Once a tentative agreement is reached, the contract must be ratified by a majority of the City Council and more than half of the police union.
Diaz, who will take the reins on Feb. 1 from longtime SAPOA President Michael Helle, had little to say about the city’s position when KSAT called him Wednesday. The president-elect noted that the union had not yet put together its priorities.
“Nothing’s off the table because I haven’t had the opportunity to assemble a team, so we haven’t been able to sit and talk,” he said.
Looming over the negotiations is the possibility of the entire collective bargaining process being scrapped.
Four days before the Feb. 12 meeting, the City Clerk’s office will announce a decision on certifying a petition that would place the repeal of the bargaining process under Chapter 174 on the May ballot. The petition, which garnered 20,000 signatures, was organized by Fix SAPD, a police accountability group.
Should the issue make it onto the ballot and be approved by voters, discipline procedures would be governed by what’s in another state law -- Chapter 143 -- instead of what’s in a negotiated contract. Chapter 143, though, would also allow an arbitrator to overturn the police chief’s original discipline, something both the city and Fix SAPD want removed.
Fix SAPD’s founder, Ojiyoma Martin, told KSAT that the group is continuing to gather signatures to repeal Chapter 143 locally, as well, though each signature is only valid for 180 days.
The group kicked off its petition drive in earnest on the first day of early voting for the November election -- Oct. 13, 2020. That means many of its signatures will start becoming invalid starting Apr. 11.

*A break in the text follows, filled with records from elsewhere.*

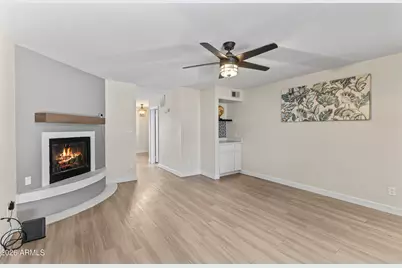 1425 E Desert Cove Avenue #15, Phoenix, AZ 85020 - Photo 5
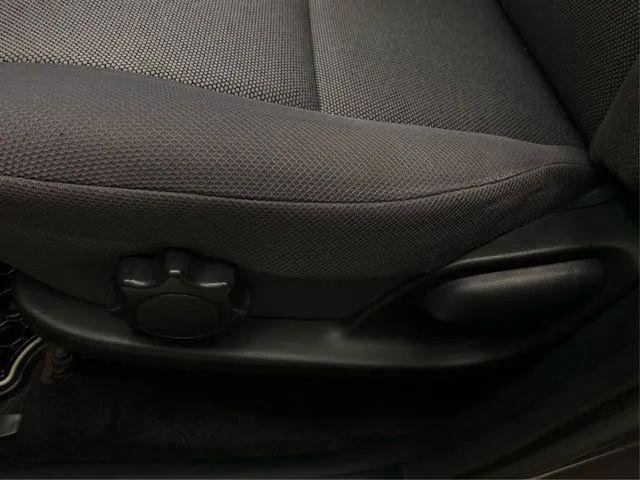 2003 Pontiac Vibe Base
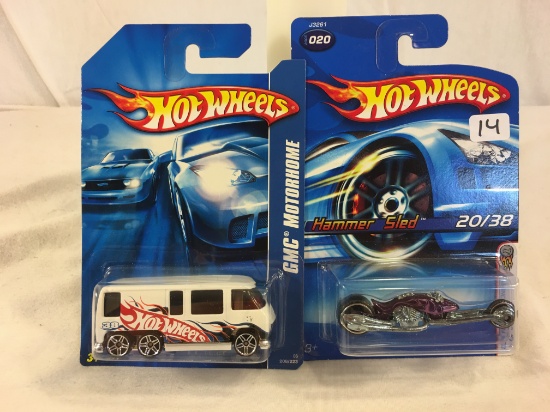 Lot of 2 Pieces Collector New in Package Hot wheels 1/64 Scale Die-cast Metal & Plastic Parts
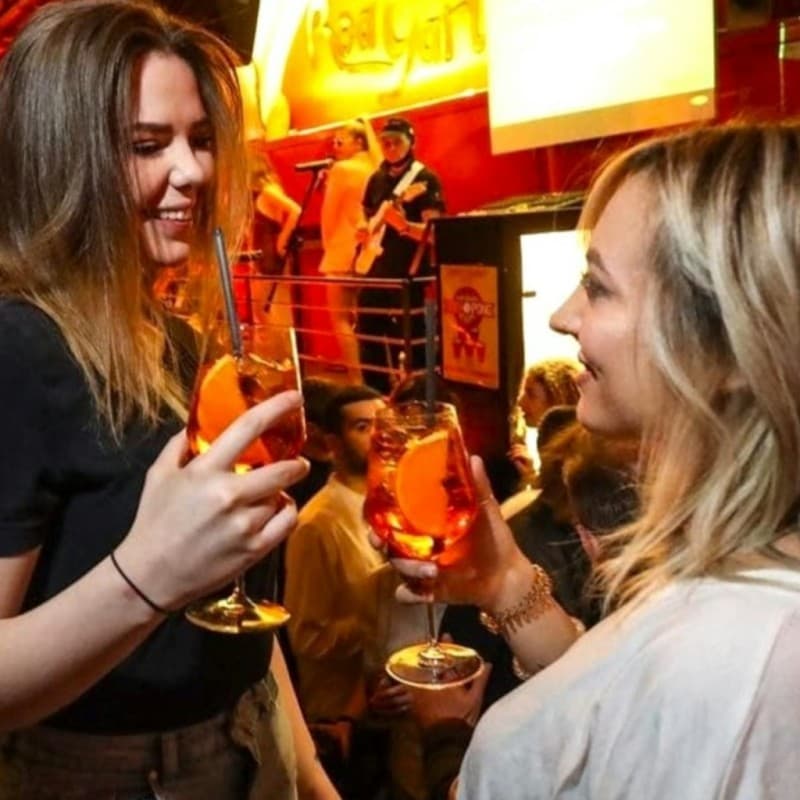 Florence Pub Crawl: Experience Vibrant Nightlife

In a statement delivered to council members Wednesday night after the priorities were unveiled, Fix SAPD Deputy Director Ananda Tomas said only four of the 10 problems the group sees with the contract were addressed by City Manager Erik Walsh. One of the missing issues, she said, is the contract’s evergreen clause, which allows the current contract’s provisions to be extended up to eight years in absence of a new contract.
“The police union will have four election cycles to methodically rebuild a council who is sympathetic to their whim,” Dykman said. “No one on council right now will be here in eight years, so this is your last chance to fight for the voice of San Antonio.”

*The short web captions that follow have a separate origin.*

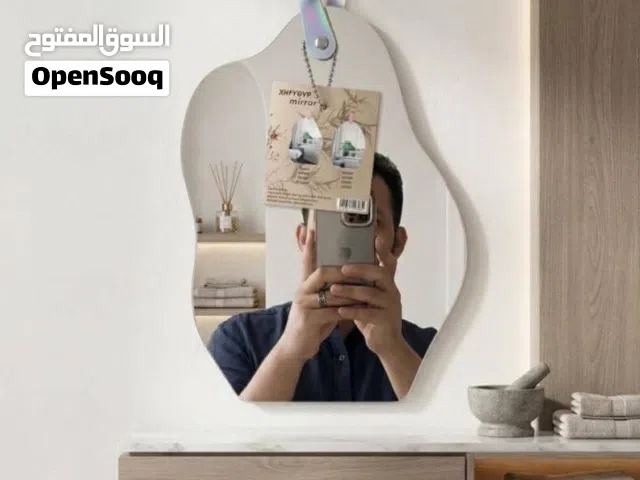 لرغبه الزبائن  وفرنا لكم  مرايات بومعلاق  شكل غيمه  مقاس 30cm*20cm موديل رقم A-12993  الحبه ب 2000 ي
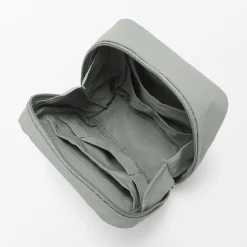 Discount Muji Trousse de maquillage à poser en nylon texturé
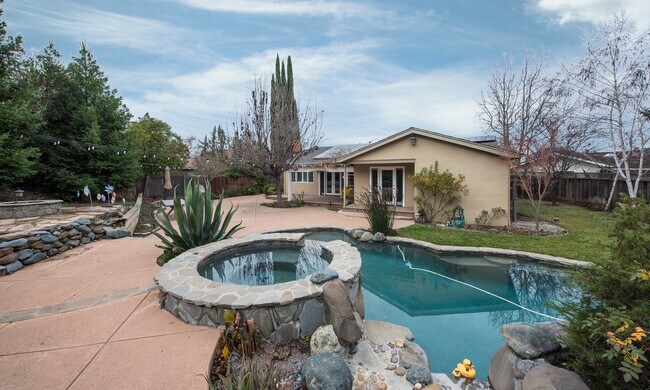 Building Photo - Stunning Resort-like Pleasanton Home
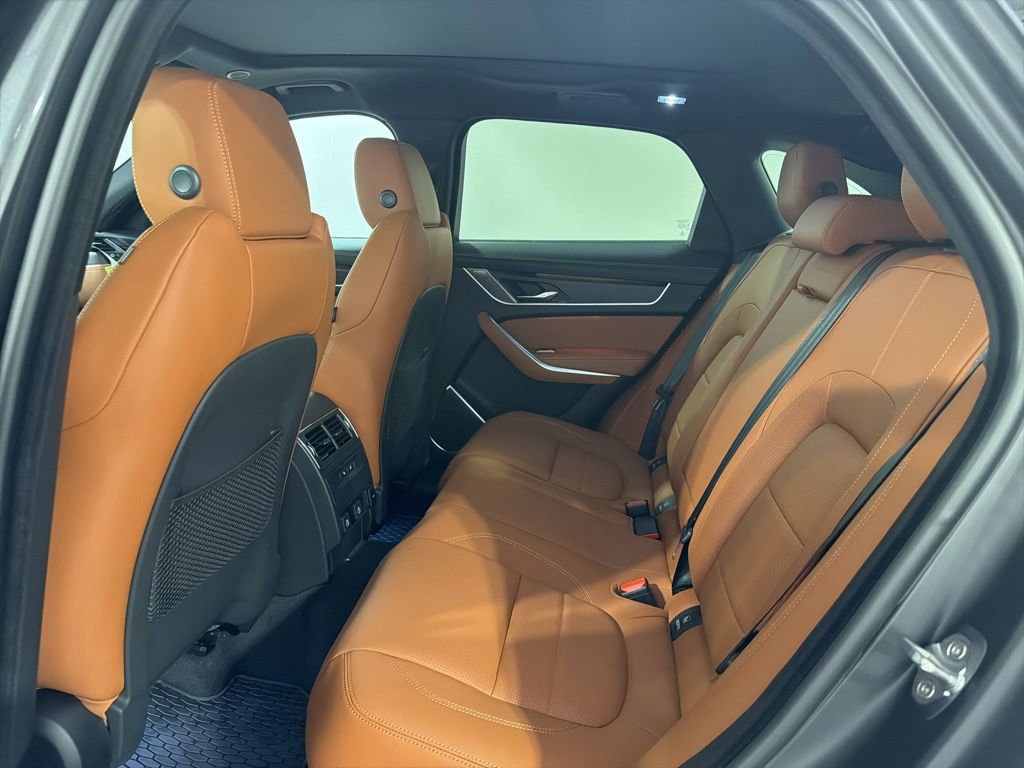 New 2026 Jaguar F-PACE R-Dynamic S AWD/4WD image 22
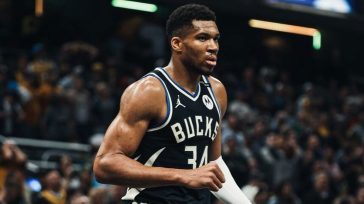 ΝΒΑ: Ο Γιάννης Αντετοκούνμπο και οι Μπακς άρχισαν συζητήσεις για το μέλλον του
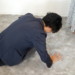 なんか分からないけど土下座させられる男性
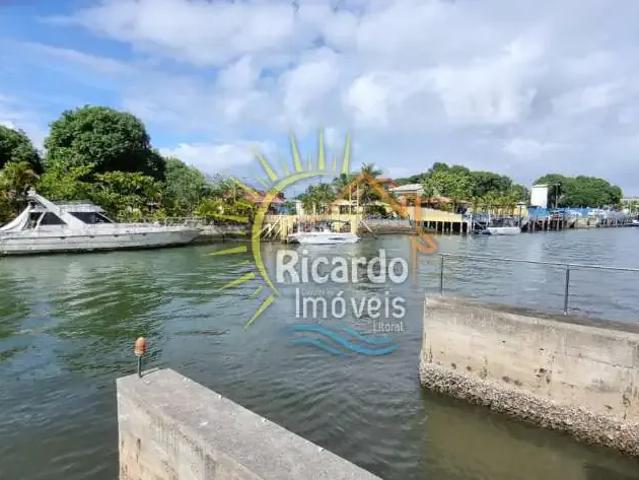 Casa / Sobrado para Venda em Pontal do Paraná/PR Pontal do Sul 10 Quartos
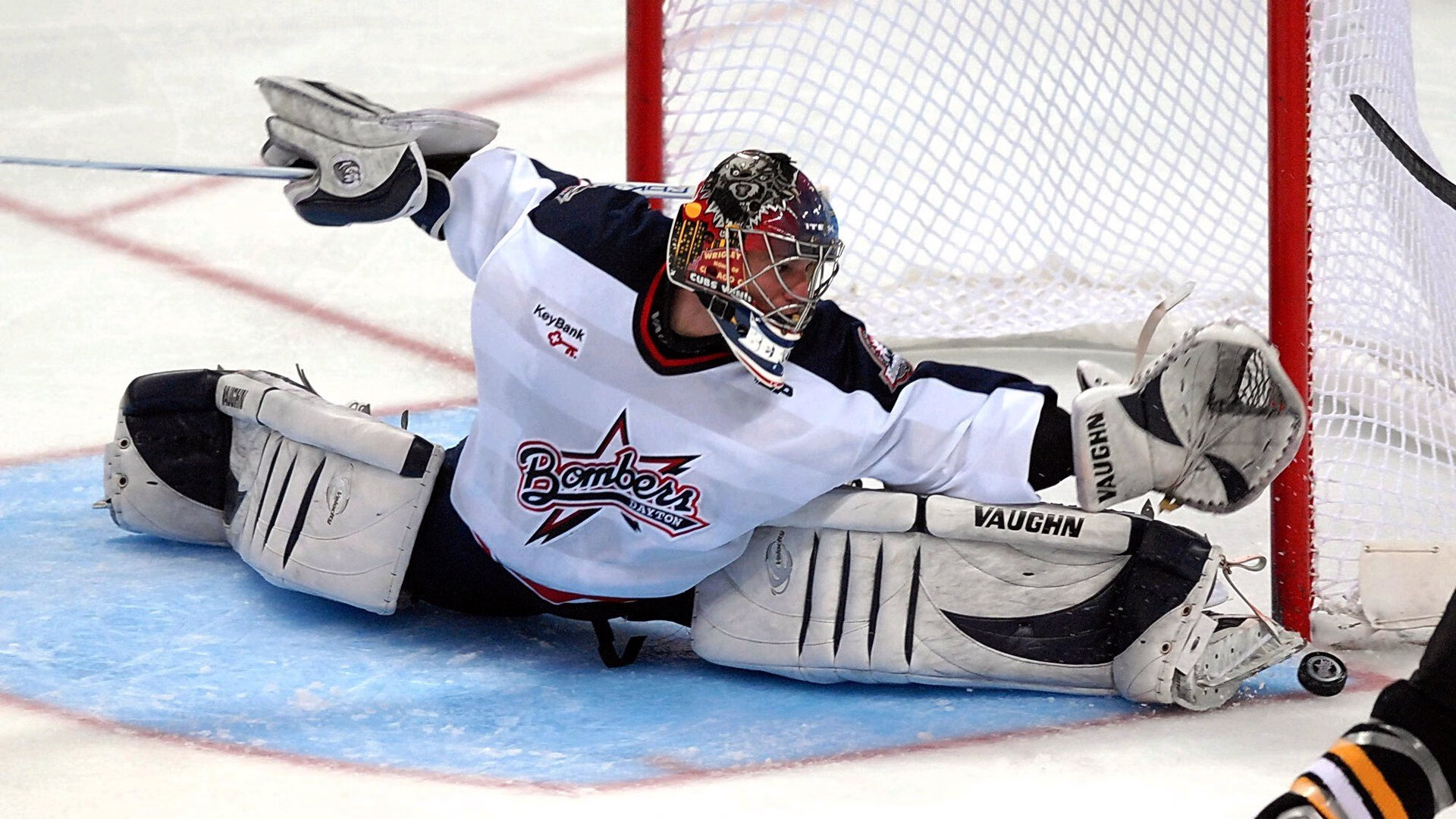 青少年篮球比赛注重规则执行规范比赛秩序和质量，青少年篮球比赛活动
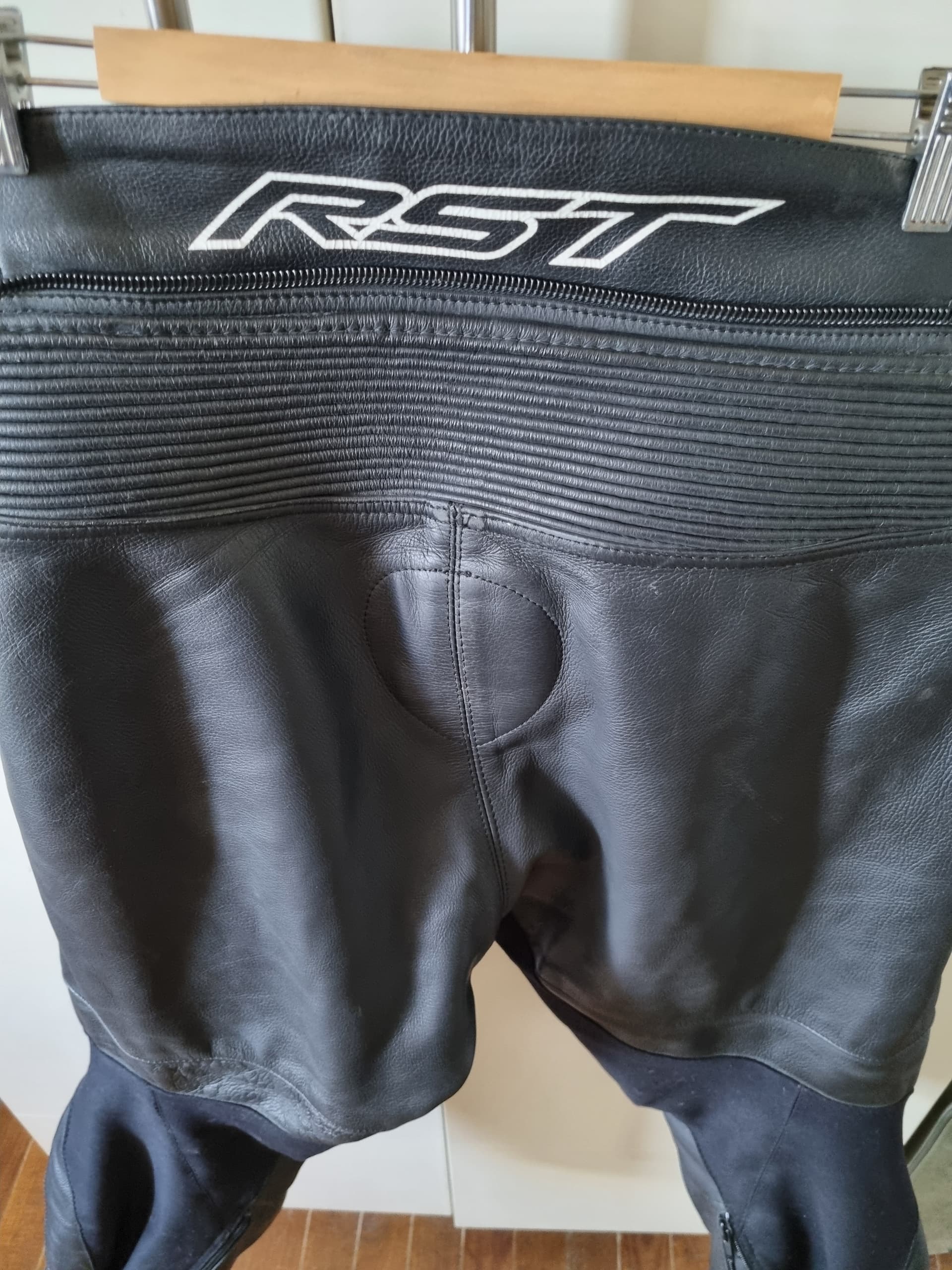 pantalon moto cuir RST 5xl — photo 5/5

If the evergreen clause goes into effect, police officers’ pay would stay frozen while officers would have to pay 10% more in monthly contributions every year for the health care. The most an officer has to contribute monthly for 2021 under the contract is $182.71, which means they would end up paying $18 to $209 more than that per month, depending on how far negotiations get into the evergreen period.
The city’s focus in the negotiations may be on discipline, but staff say they also want the following:
- The ability to increase training hours and set priorities for training;
- The power to determine the working hours of units within SAPD;
- The power to set leave policies for employees, particularly regarding their ability to “sell” their leave before separating from the department;
- More flexibility on what parts of the department it can “civilianize.”
The city says it also wants to keep total public safety costs (police, fire, and park police budgets) under 66% of its total general fund. The three budgets currently total 64.2% of the general fund, Deputy City Manager Maria Villagomez said, but SAPD’s $486.5 million on its own accounts for nearly 38%.
Most of the department’s budget -- about $387 million -- is determined by the current union contract.
The first meeting will be for both sides to lay out the ground rules on proceeding with negotiations.
If both sides agree to a deal within 60 days of the start of the negotiation, the new deal would take effect on Sept. 30, 2021. The evergreen clause in effect would allow the current contract to remain in place for up to eight years if negotiations are unsuccessful.
It’s unclear yet if the meetings will be held in-person or virtually, but they will be open to the public to observe.